Ten years ago I, for one, had the distinct impression that those Democrats agreeing with the Bush-Cheney Administration that Saddam was hiding WMDs were going out of their way to avoid noticing that they were only being given claims, not actual evidence, supporting the charges. This was manifestly the case with Secretary of State Colin Powell's now infamous UN presentation. There was no real evidence presented at all. It was like the Emperor's New Clothes story come to life with politicians and much of the public raving how Powell had "nailed" Saddam dead to rights. The sad truth is that most politicians and many citizens, regardless of party, wanted the war on Iraq and were prepared to believe almost any charge that could justify it. The evidence of WMDs was not really there and the contrary evidence was ignored:

A special BBC Panorama programme aired on Monday night details how British and US intelligence agencies were informed by top sources months before the invasion that Iraq had no active WMD programme, and that the information was not passed to subsequent inquiries.
It describes how Naji Sabri, Saddam's foreign minister, told the CIA's station chief in Paris at the time, Bill Murray, through an intermediary that Iraq had "virtually nothing" in terms of WMD.
Sabri said in a statement that the Panorama story was "totally fabricated".
However, Panorama confirms that three months before the war an MI6 officer met Iraq's head of intelligence, Tahir Habbush al-Tikriti, who also said that Saddam had no active WMD. The meeting in the Jordanian capital, Amman, took place days before the British government published its now widely discredited Iraqi weapons dossier in September 2002.

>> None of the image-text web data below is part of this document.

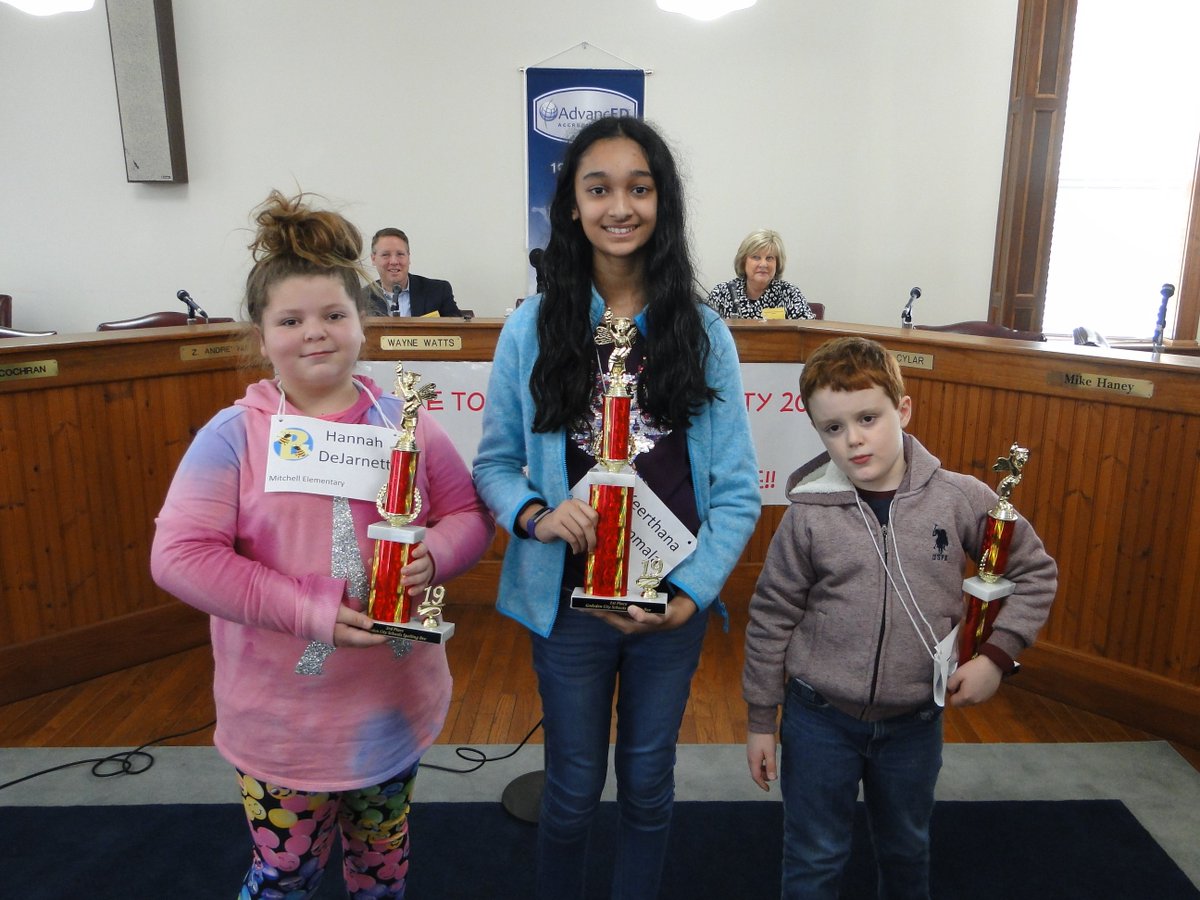 Congratulations Spelling Bee participants and winners.
gcs.k12.al.us/gcs-spelling-b…
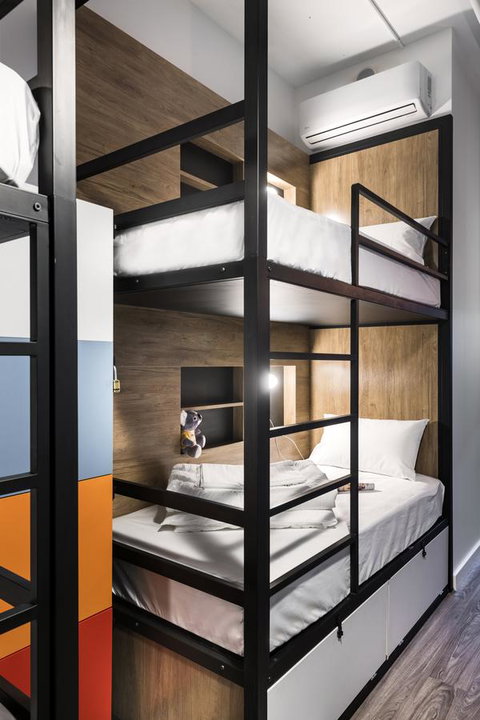 Hostel G Perth - Accommodation Australia 33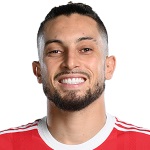 Alex Telles Photo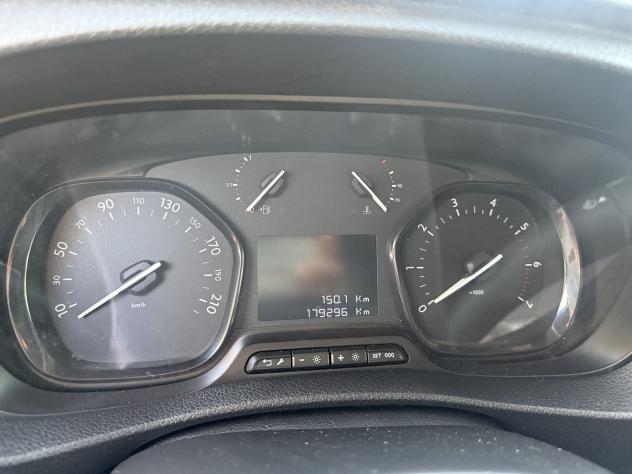 FIAT Scudo 2.0 bluehdi 145cv lounge - Foto 8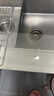 3M双面胶纳米强力胶带透明家车用手工4910 VHB™不易留残胶高粘度 10mm宽3m长1mm厚 实拍图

The negative findings of the UNMOVIC inspectors, although being publicly reported were being dismissed:


The Bush administration certainly wanted to go to war, and it advanced eradication of weapons of mass destruction as the main reason. As Deputy Secretary of Defense Paul Wolfowitz has since explained, it was the only rationale that was acceptable to all parts of the U.S. administration.
The WMDs argument also carried weight with the public and with the U.S. Congress. Indeed, in the autumn of 2002 the threat seemed credible. While I never believed Saddam could have concealed a continued nuclear program, I too thought there could still be some biological and chemical weapons left from Iraq's war with Iran. If not, why had Iraq stopped U.N. inspections at many places around the country throughout the 1990s?
However, suspicions are one thing and reality is quite another. U.N. inspectors were asked to search for, report and destroy real weapons. As we found no weapons and no evidence supporting the suspicions, we reported this. But U.S. Defense Secretary Donald Rumsfield dismissed our reports with one of his wittier retorts: "The absence of evidence is not evidence of absence." -- Hans Blix head of U.N. weapons inspections in Iraq (UNMOVIC) in the lead-up to the 2003 invasion.
Please ignore the claims made by some advocates of the war that they are not to blame because "everybody" believed Saddam was hiding WMDs. True, many did believe but on a matter as serious as going to war they were inexcusably negligent and gullible.